Um in Erinnerungen zu schwelgen braucht es keine entwerteten Erfahrungen und Erinnerungen, die vielen Menschen in Ostdeutschland zu schaffen machten. Als Sehnsuchtsort funktioniert eben auch der Westen. Das Gefühl der Westalgie brachte kaum jemand besser zum Ausdruck als die als Punk-Band getarnten Gesellschaftschronisten Die Chefdenker. „Im Karstadt-Kaffee war die Welt noch okee/ Ich war jung ich hatte Ziele, nicht nur zwei sondern ganz viele.“
Die Westalgie ist die Sehnsucht nach einem Leben, das wohl eher in der Rückschau sorglos daherkommt. In der BRD gab es ab Mitte der 1970er wieder Massenarbeitslosigkeit, über der Bevölkerung in Deutschland schwebte mit Ronald Reagan im Weißen Haus wieder das Damoklesschwert eines Krieges, nicht so weit weg von der Staatsgrenze explodierte ein Atomkraftwerk. Die Folgen der Umweltzerstörung rüttelten Millionen auf und im Kino riss ein weißer Hai reihenweise Mittelschicht-Kids in die Tiefe.

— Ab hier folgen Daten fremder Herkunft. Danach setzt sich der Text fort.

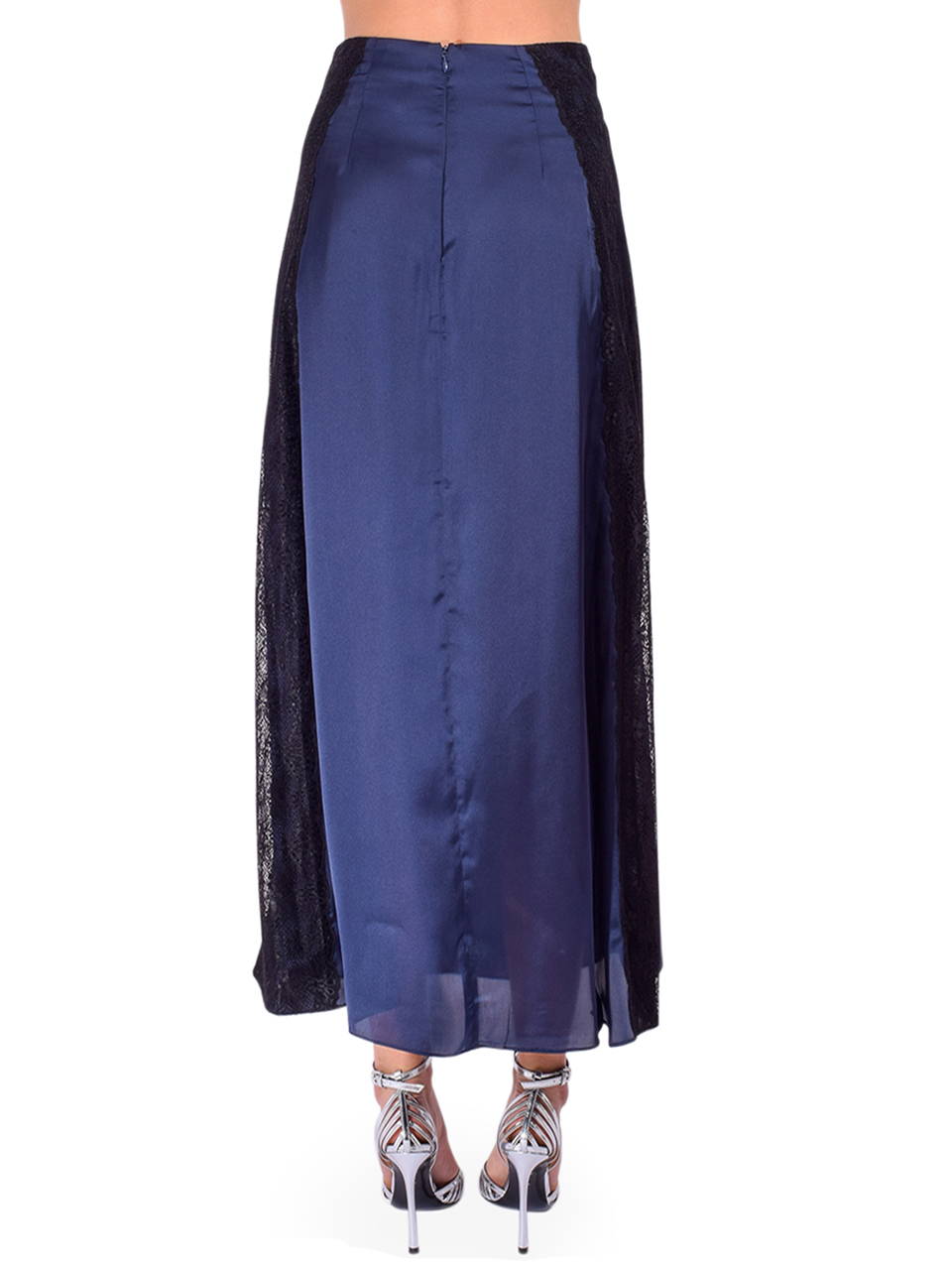KIKA VARGAS Les Satin Skirt in Navy Back View 
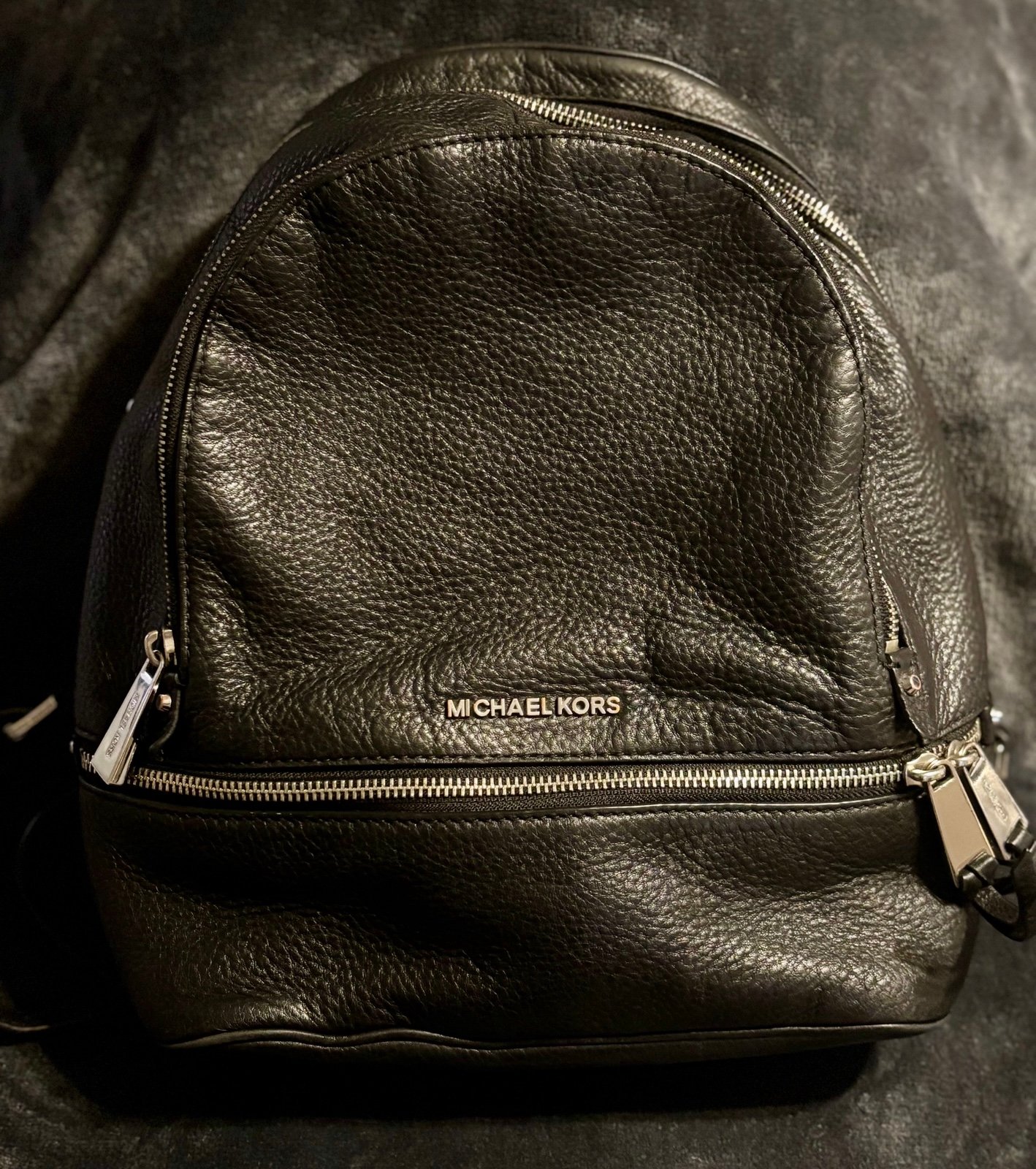 Michael Kors Black Leather Backpack
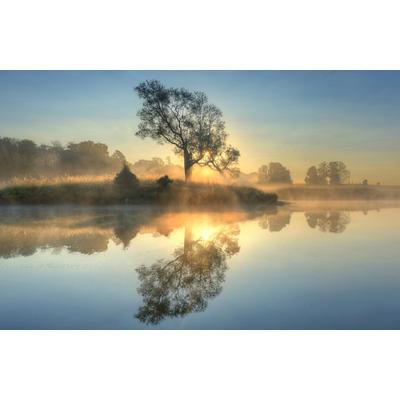 Fototapete PAPERMOON "Photo-Art KELLER, MORGENREFLEXION", bunt, B:5m L:2,8m, Vlies, Tapeten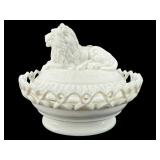 OLDER WESTMORELAND MILK GLASS LION ON NEST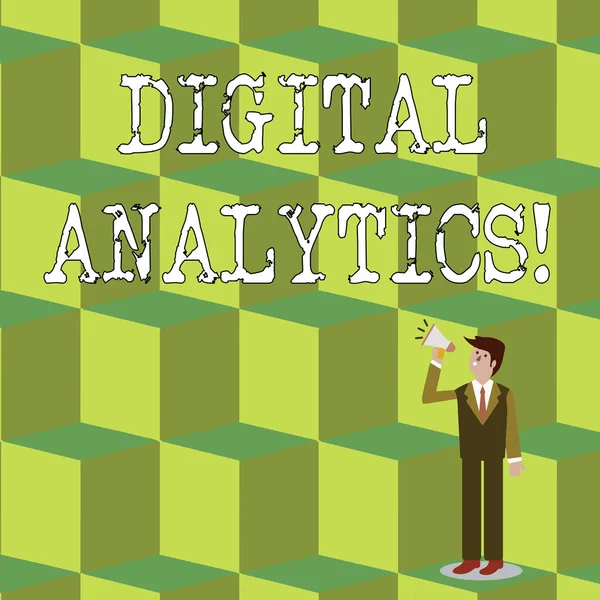 Handwriting text Digital Analytics. Concept meaning the analysis of qualitative and quantitative data Businessman Looking Up, Holding and Talking on Megaphone with Volume Icon.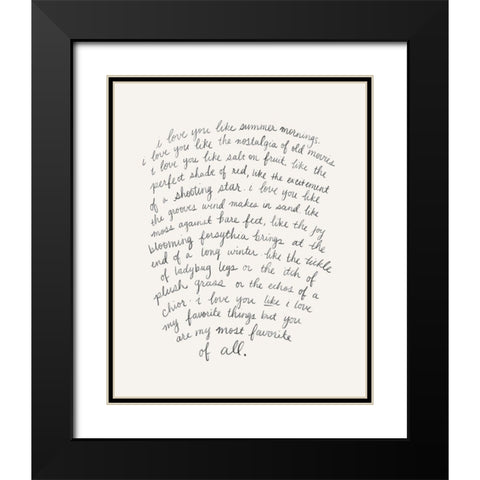 Letter to a Lover I Black Modern Wood Framed Art Print with Double Matting by Popp, Grace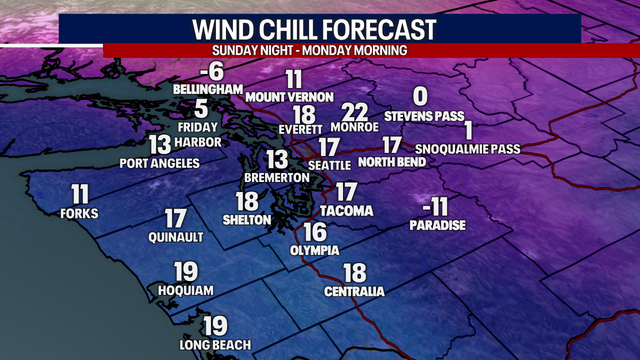 Seattle weather: Next system arriving Monday night will bring lowland snow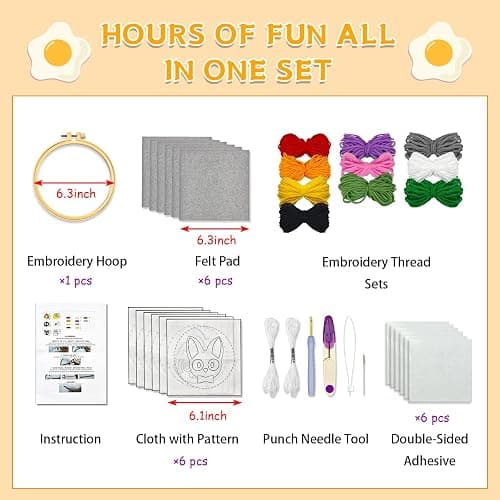PUNICA Punch Needle Kit for Beginners, Kids & Adults Coaster Set of 6, Easy DIY Embroidery Set Starter Craft Gift with Cute Cartoon Decoration thumbnail 6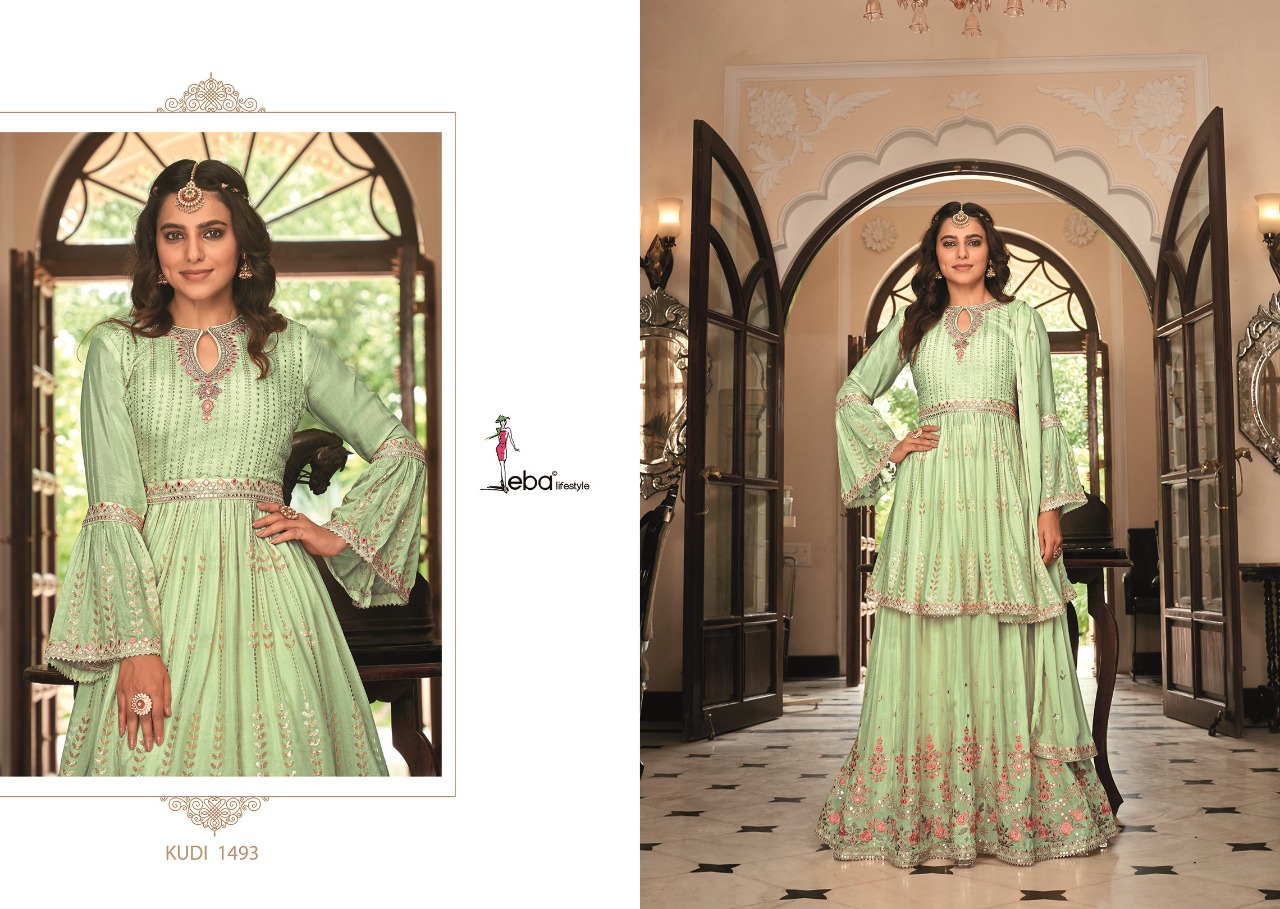 eba lifestyle kudi chinnon graceful look salwar suit catalog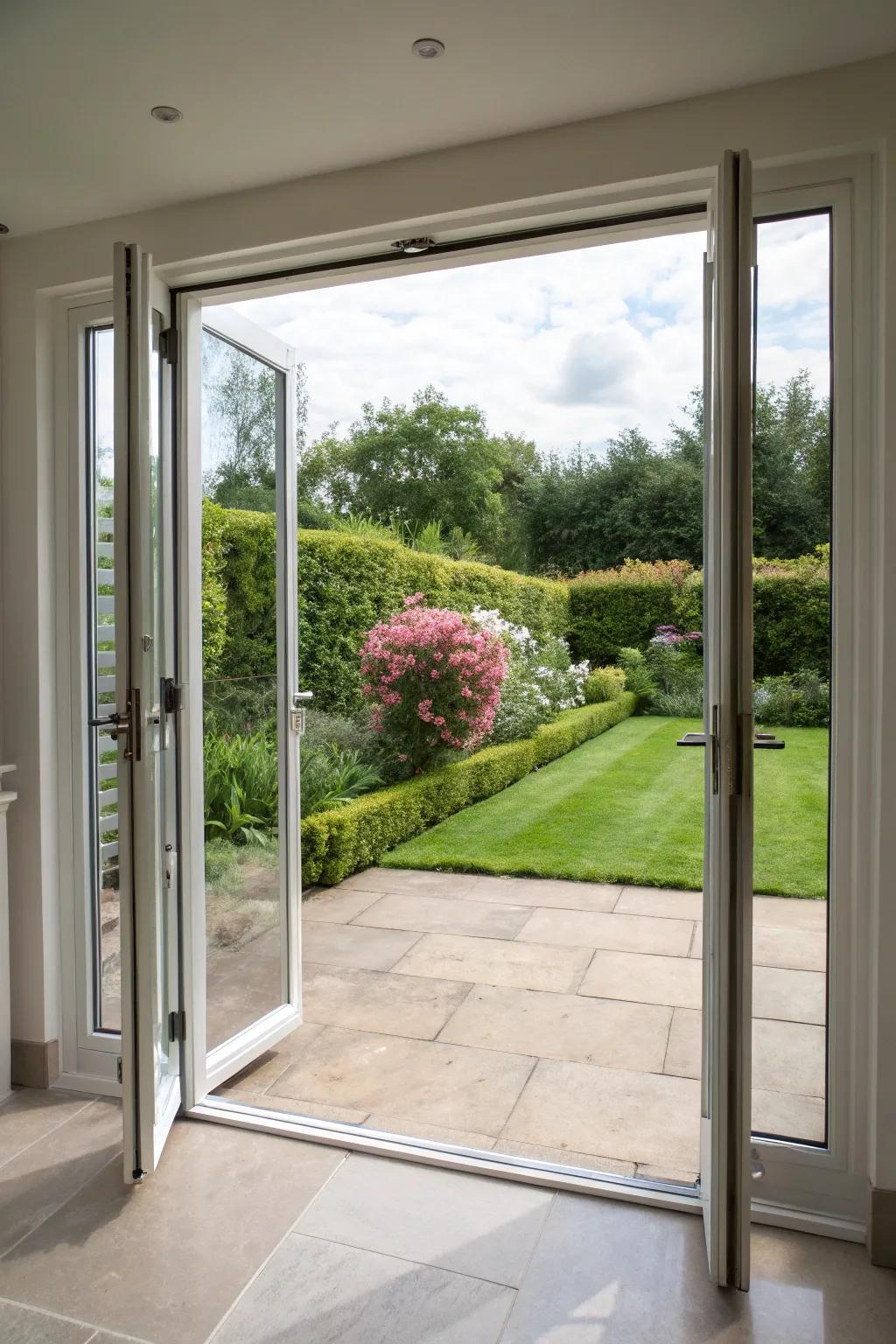 Create a smooth flow between indoors and outdoors using folding doors.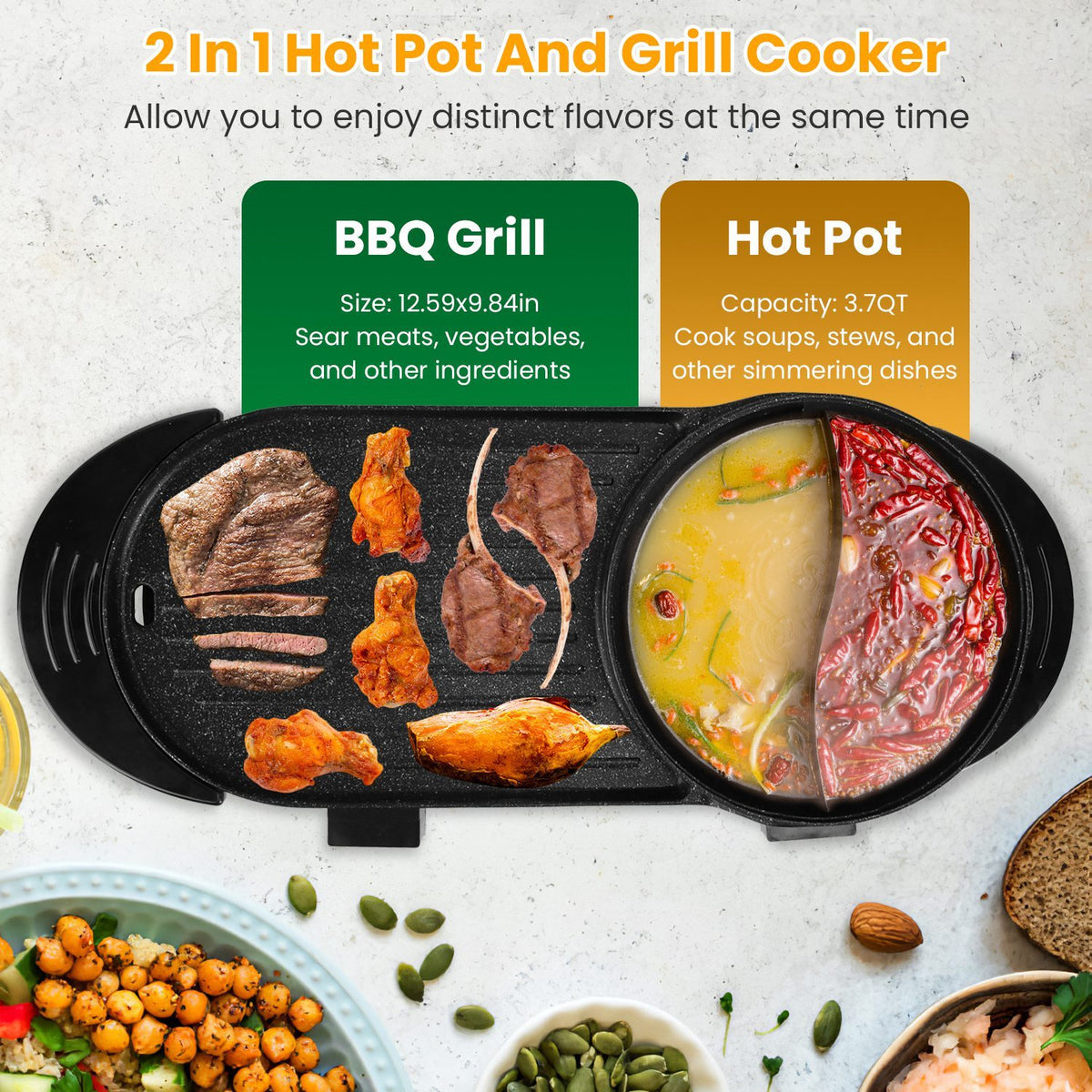 2200W  2 In 1 Electric Hot Pot With BBQ Grill Cooker Smokeless Non-Stick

Wie beim Thema Ostalgie offenbart sich bei den Westalgie-Fans keineswegs nur reaktionäre Sentimentalität. Anstatt die Melancholie überlegen abzuqualifizieren, sollten sich nicht nur, aber vor allem Linke fragen, was sich in der Sehnsucht eben auch ausdrückt. Der Fokus auf das Zurückliegende, so geschönt und glatt es auch erscheinen mag, offenbart die düsteren Aussichten, die viele haben. An dieser Stelle treffen Ostalgie und Westalgie aufeinander: Auf einen Seite war man der Zukunft zugewandt, auf der anderen Seite träumte man vom ewigen Wohlstand. Verloren haben beide Seite vor allem eines: ein Morgen, auf das es sich zu hoffen lohnt.
Kommentare 9
Unübertroffen hat Manfred Maurenbrecher das Thema in seinem Song "Wessi" aufgegriffen. Besonders gut hat er die Westalgie durch die Begegnung mit dem Schwager aus dem Osten gebrochen.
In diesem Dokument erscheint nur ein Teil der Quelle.